Özgür Özel'den Şok Sözler: Gürlek'in Avukatı Davaya Müdahil Oldu!
CHP Genel Başkanı Özgür Özel, CHP Gençlik Kolları Başkanı Cem Aydın'ın İstanbul Cumhuriyet Başsavcısı Akın Gürlek hakkında yaptığı bir paylaşım nedeniyle açılan davanın Silivri'de görülen ilk duruşmasına katılarak dikkatleri üzerine çekti. Duruşma sonrası yaptığı açıklamalarla gündeme oturan Özel, davanın seyrine ilişkin çarpıcı iddialarda bulundu.

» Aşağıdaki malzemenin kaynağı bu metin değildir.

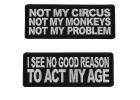 Funny Inspired Patches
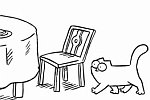 Simon's Cat in Lunch Break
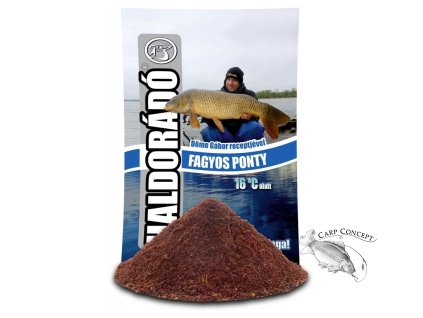 haldorado vnadici smes feeder master 1kg mrazivy kapr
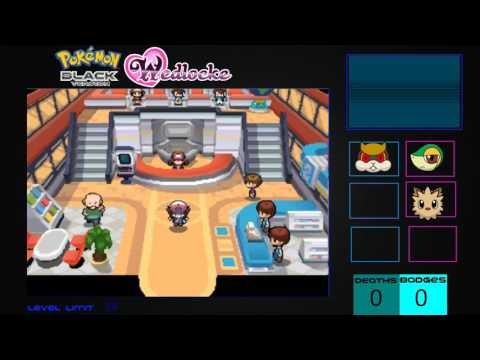 Pokemon Black Wedlocke Part 3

Davanın Silivri'ye Taşınması Tartışması
Özgür Özel, davanın aslında Çağlayan Adliyesi'nde görülmesi gerektiğini savunarak, Cem Aydın'ın tutuklu olmamasına rağmen Silivri'ye getirilmesinin manidar olduğunu belirtti. Bu durumun davaya ayrı bir boyut kazandırdığını ifade etti.

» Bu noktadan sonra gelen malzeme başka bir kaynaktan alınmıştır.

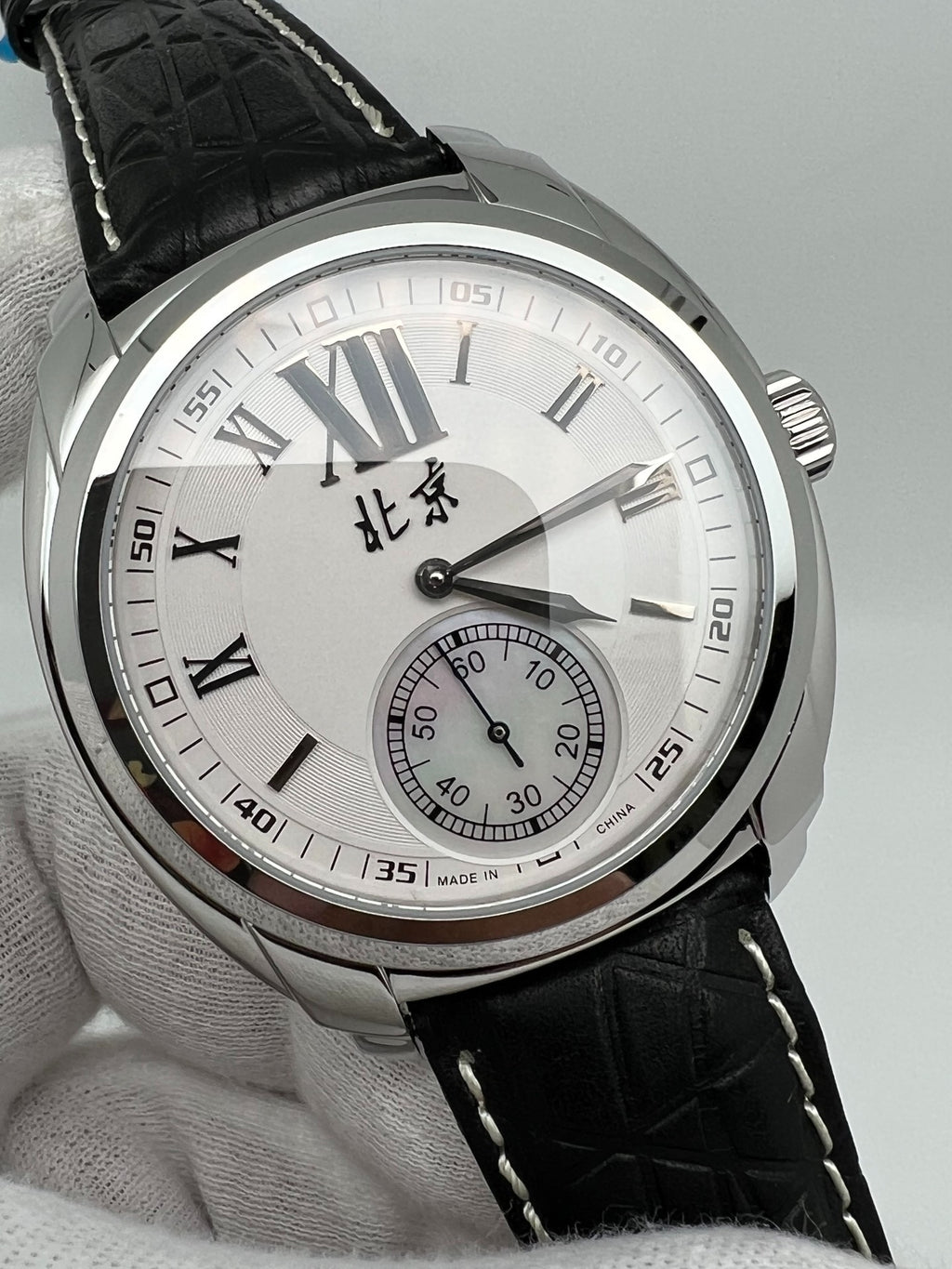 [Pre-owned] Beijing Watch 100-Hour Power Reserve Double Barrel and Double Escapement 44 MM Diameter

Akın Gürlek'in Avukatının Davaya Müdahilliği
Özel'in en dikkat çekici açıklaması ise Akın Gürlek'in avukatının duruşmada söz alarak "Biz de tarafız, mağduruz" demesi oldu. Bu durum, davaya müdahil olma çabası olarak yorumlandı ve Özgür Özel tarafından eleştirildi. Özel, bu durumu şaşkınlıkla karşıladığını ve hukuk açısından garip bir durum olduğunu vurguladı.
Cem Aydın'ın Suçu Ne?
Özgür Özel, Cem Aydın'ın suçunun aslında sadece görevi gereği parti politikalarını ve genel başkanın açıklamalarını yaymaktan ibaret olduğunu savundu. Aydın'ın bu paylaşımı retweet etmesinin yargılanmasına neden olmasının kabul edilemez olduğunu belirtti. Bu durumun ifade özgürlüğüne bir darbe olduğunu savundu.
- Cem Aydın'ın görevi parti politikalarını duyurmak.

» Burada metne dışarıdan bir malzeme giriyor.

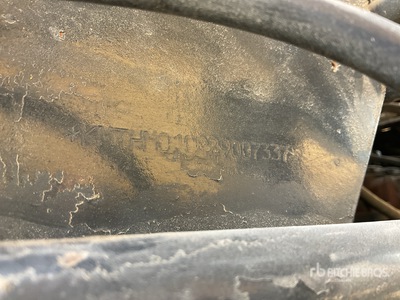 2012 Komatsu HM400-2R Camión Dumper Articulado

- Retweet ettiği paylaşım nedeniyle yargılanıyor.
- Akın Gürlek'in avukatı davaya müdahil oldu.
İfade Özgürlüğü Vurgusu
Özgür Özel'in açıklamaları, ifade özgürlüğünün önemine vurgu yaparken, siyasi baskı iddialarını da gündeme getirdi. CHP lideri, bu davanın sadece Cem Aydın'ı değil, aynı zamanda tüm gençleri ve ifade özgürlüğünü hedef aldığını savundu.
Duruşma sonrasında yaşanan bu gelişmeler, davanın seyrini ve kamuoyunun ilgisini daha da artıracağa benziyor. Özgür Özel'in sert eleştirileri ve Akın Gürlek'in avukatının davaya müdahil olması, olayın hukuki ve siyasi boyutunu daha da karmaşık hale getiriyor. Bu davanın sonucu, Türkiye'deki ifade özgürlüğü ve siyasi baskı tartışmaları açısından önemli bir örnek teşkil edebilir.